FactCheck: Obama Campaign Misleading About Romney, Abortion

National   Steven Ertelt   Aug 24, 2012   |   3:43PM    Washington, DC

The Obama campaign is misleading, in attacks on Mitt Romney and Republicans about abortion, according to the FactCheck.org web site run by the University of Pennsylvania.

The Obama campaign is falsely accusing the Republican Party’s platform of calling for banning abortions even in cases of rape or incest. That’s not true. The 2012 platform is silent on exceptions — leaving that decision up to Congress and the states — just as it was in 2008 and in previous presidential election years.

To make matters worse, the latest falsehood comes from the president’s “Truth Team.” An Aug. 20 posting on the “Truth Team’s” site repeats a bogus claim that Mitt Romney would “ban abortion even in cases of rape or incest,” adding (our emphasis): “He also supports the Republican Party platform, which includes a Human Life Amendment that bans abortion without those exceptions.”
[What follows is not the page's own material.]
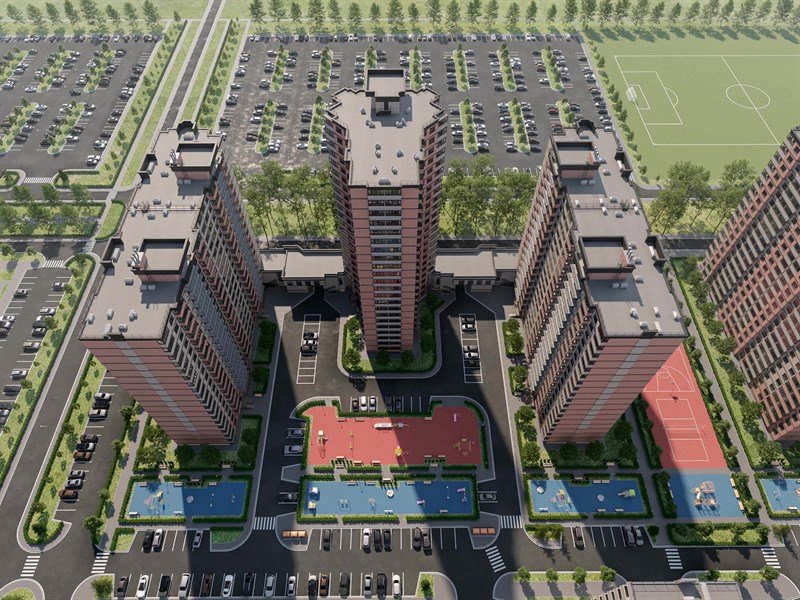 Фото №3: 1-комнатная квартира 36&nbsp;м², 15/18&nbsp;эт. - Краснодар, Прикубанский внутригородской округ, ЖК Бауинвест, мкр. ЖК Парк у Дома, ул. Героев-Разведчиков, 11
The fact is, as we’ve noted again and again in response to false Obama TV ads, Romney has consistently said — as far back as 2005 — that he would allow abortions in cases of rape, incest or to save the life of the mother. (Before then, he supported a legal right to abortion generally, but switched his position to opposing abortion, with the usual exceptions.)

It’s true that Romney has voiced support for the 2008 platform’s call for an unspecified “Human Life Amendment” to the Constitution, and the language approved by the party’s platform committee for 2012 is identical. But that’s a far cry from advocating an abortion ban that would apply in cases of rape or incest.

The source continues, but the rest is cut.